That is because it has. A month ago, the New York Times/Siena College poll showed Donald Trump ahead of Joe Biden nationally among likely voters 49% to 43%. But, if anything, the cross-tabs were worse. Biden’s lead among young voters and older voters was within the margin of error, while Trump was leading among white voters, the largest share of the electorate, by 17%.

For months, leading up to Biden’s decision to exit the race, the public had dreaded a Biden-Trump rematch. The race was defined by the question of who the “double haters” — who hated Trump and disliked Biden — would vote for. One voter summed up voter frustration: “Three-hundred-and-some-odd million people, and that’s all we can get?”

In the wake of the assassination attempt, and Trump’s triumphal appearance at the Republican National Convention, the race appeared to be all but over. Republican euphoria was as high then, as Democrat euphoria is now.

Early on in the primary season, Nikki Haley suggested that the first party to take the frustration of the electorate seriously and walk away from their octogenarian candidate would win the White House. And it appears she may have nailed it. The New York Times/Siena College poll published this morning paints a vastly different picture. The race has flipped by ten points, with Harris leading Trump among likely voters 50% to 46%. But again, it is in the cross-tabs that the dramatic differences are apparent. Harris now leads Trump among younger and older voters by 15 points and 13 points, respectively, and the candidates are tied among white voters.

It is notable that the poll has Harris winning 95% and 6% of Democrat and Republican votes, respectively, up from Biden winning 91% and 3% in the July poll. If Harris can pivot even slightly to the center, a Republican strategist commented to me, a substantially larger share of Republican voters are prepared to walk away from Trump, as they are well aware that the only hope they have of winning back their party is if Trump is humiliated in November.

From the moment Joe Biden stepped out of the presidential race, Kamala Harris has demonstrated to the world that she was prepared for the moment. Her messaging and delivery, from one audience to the next, has been pitch perfect. Of particular note was the clarity of her response to anti-Israel protesters in Detroit chanting “Kamala! Kamala! You Can’t Hide! We Won’t Vote for Genocide!” She did not engage with them, and instead responded: “You know what, if you want Donald Trump to win, then say that. Otherwise, I’m speaking.”

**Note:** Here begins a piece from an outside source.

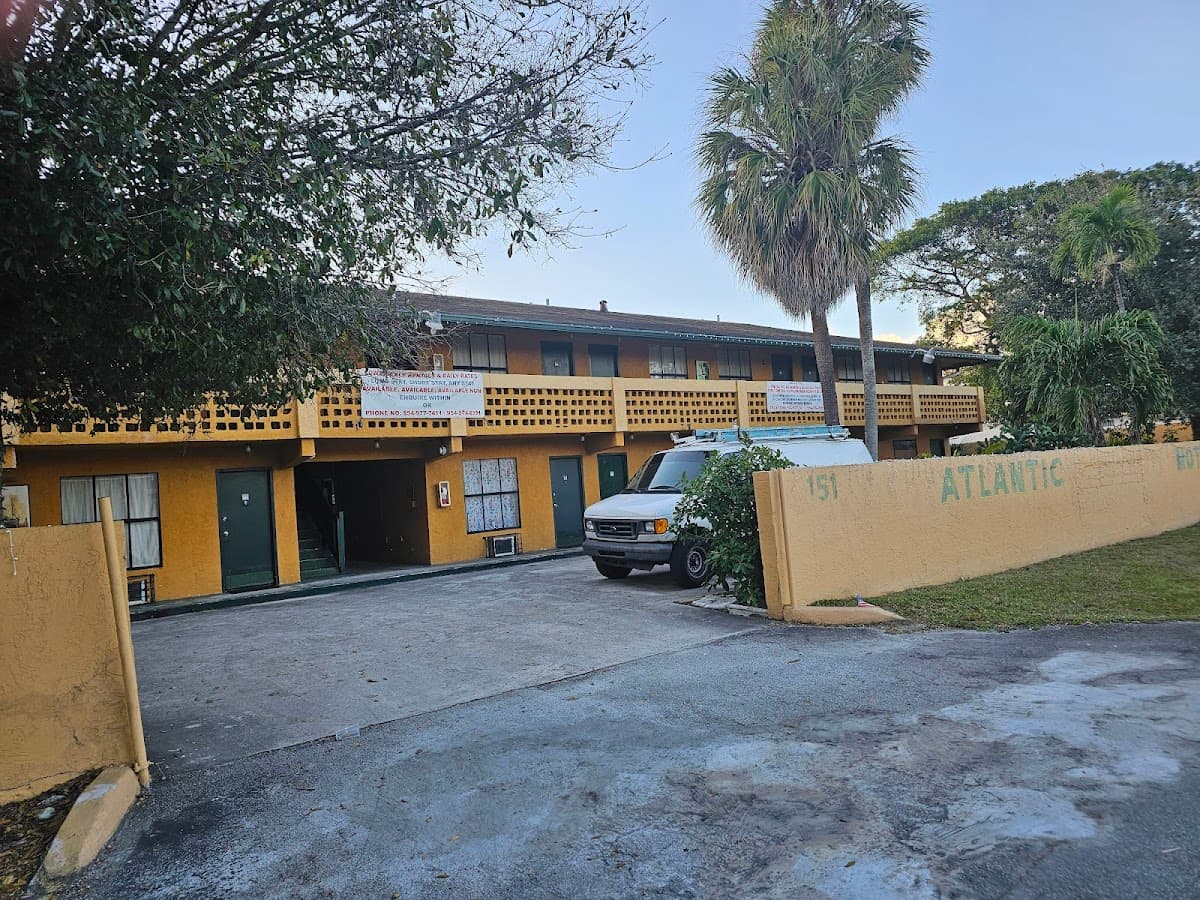 Atlantic Motel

Tim Walz was not my choice among the final crop of Vice Presidential candidates, but he appears to have been an inspired choice. As I looked at each of the finalists, they all had something to argue for them. Josh Shapiro offered the prospect of improving Democrats’ chances in Pennsylvania. Mark Kelly brought another battleground state an inch closer, along with a resume to die for. I had never heard of Tim Walz before my sister-in-law from Minneapolis asked me what I thought about his chances of being on the ticket within hours of Joe Biden stepping down. But it did not take long to realize that Walz offered something that looms to be far more important than a marginal improvement of Democratic odds in one battleground state; he offered the prospect of returning Democrats to their roots, and taking the fight to rural communities across the country.

Before Bill Clinton pivoted the Democratic Party to the center, and the lure of Wall Street money turned liberals into neoliberals; and, before that, when Vietnam and the culture wars brought the party fully under the sway of coastal elites; Democrats were the party of rural America. From Huey Long to Franklin Delano Roosevelt, the Democrats were the party of rural economic populism that is all of a sudden in vogue on the right.

As much as the Republican Party has come to dominate politics in rural America, improving the livelihoods of rural families has never been part of the Republican agenda. The GOP Platform has a section entitled “Protect American Workers and Farmers from Unfair Trade” but as an article in Barn Raiser points out, the ensuing narrative says nothing about either farmers or rural communities. Instead, dating back to Richard Nixon’s Southern Strategy, Republicans have cynically harvested rural votes by leveraging resentments against coastal elites, rather than delivering policies that help build a brighter future for those communities.

The selection of Tim Walz offers Democrats the prospect of making inroads into the GOP rural base by returning the party to its rural progressive roots. Born in rural Nebraska and formerly a member of Congress from rural Minnesota, Walz embraced an economic populism as Governor of Minnesota that dates back to the New Deal era, as he focused on assuring access to education and healthcare for low income and rural families. Clearly, the Harris campaign has this in mind, as the campaign quickly launched its “Rural Americans for Harris,” initiative to target rural communities.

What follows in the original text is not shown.